L’ouvrage publié par les éditions Cosmografia de Nantes rend compte d’une recherche-projet Fabrique ACTive du paysage, menée pendant trois ans (2015-2017), sur L’Île-Saint-Denis. L’objet de cette recherche était de révéler des lieux et des paysages par des interventions urbaines artistiques.
Il revient à Thierry Paquot, philosophe de l’urbain, de préfacer cet ouvrage et de le rappeler que, depuis quinze ans, une place de plus en plus importante est donnée aux sens pour révéler un paysage. « D’innombrables sensations m’envahissent et me « paysagisent » ; je deviens paysage à mon tour, ou plus précisément, j’appartiens au paysage que je ressens, je ne suis plus simplement un regardant qui, de l’extérieur, découvre l’intérieur du paysage, mais fais corps avec lui plus que je lui appartiens. » (p. 11).
L’ouvrage s’organise en trois parties. La première revient sur les activités de Fabrique ACTive du paysage et plus particulièrement sur les dix projets ayant été mis en œuvre sur le territoire de L’Île-Saint-Denis. Ces double-pages illustrées présentent les objectifs, les moyens mis en œuvre et les résultats des actions artistiques menées sur le territoire à partir des ressources de celui-ci. C’est ainsi qu’Alice Milien a mené l’action « Fleurs de pétrole » sous le viaduc autoroutier de l’A86. Avec les élèves de l’école élémentaire Jean Lurçat, elle a fabriqué des fleurs à partir des sacs plastiques abandonnés dans la nature. Une manière de « faire fleurir les rebuts polluants de l’industrie pétrolière » (p. 40). Des lancers de bombes de graines ont pu être organisés également dans la mouvance des seed-bombingusitées par les mouvements contestataires outre-atlantiques pour végétaliser des espaces urbains pauvres en biodiversité.
La deuxième partie analyse les expériences de participation expérientielle et sensible menées et leurs limites : « davantage l’occasion d’une monstration que d’une implication active » des habitants, à l’exception de celle des enfants dans le cadre de projets scolaires. Emeline Bailly replace ces expériences dans le contexte de l’évolution de la recherche académique sur le paysage avec les travaux de Gaston Bachelard, de Georg Simmel, d’Augustin Berque notamment.

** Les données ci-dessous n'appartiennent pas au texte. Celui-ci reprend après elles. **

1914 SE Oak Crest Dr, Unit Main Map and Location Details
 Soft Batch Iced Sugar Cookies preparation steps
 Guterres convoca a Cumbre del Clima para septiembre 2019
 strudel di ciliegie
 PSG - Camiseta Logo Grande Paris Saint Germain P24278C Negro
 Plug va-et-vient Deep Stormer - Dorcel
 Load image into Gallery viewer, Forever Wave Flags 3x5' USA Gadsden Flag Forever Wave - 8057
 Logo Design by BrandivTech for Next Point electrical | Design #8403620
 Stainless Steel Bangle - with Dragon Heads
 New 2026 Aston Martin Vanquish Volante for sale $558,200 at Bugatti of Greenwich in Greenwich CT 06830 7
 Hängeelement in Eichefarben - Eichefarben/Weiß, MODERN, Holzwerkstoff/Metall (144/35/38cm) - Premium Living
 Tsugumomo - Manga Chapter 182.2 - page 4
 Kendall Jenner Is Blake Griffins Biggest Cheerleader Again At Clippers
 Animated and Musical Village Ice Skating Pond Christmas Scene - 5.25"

Son article intitulé « Le mouvement clé du paysage sensible » comporte des tableaux et des schémas très synthétiques montrant les composantes du paysage commun, le système des affects du monde sensible.
La troisième partie, si elle revient également sur l’état de la recherche dans le domaine, élargit la question à la transposition de celle-ci dans les politiques d’aménagement. Emeline Bailly craint toutefois que des experts du sensible (artistes ou professionnels de l’urbain) accaparent cette question alors que c’est aux habitants d’être sollicités, même si ceux-ci sont souvent désarçonnés par les méthodes exploratoires usitées. Le manifeste « Oser la ville sensible » vise à aider les acteurs publics à saisir et révéler le monde sensible urbain en pensant un urbanisme expérientiel et sensible.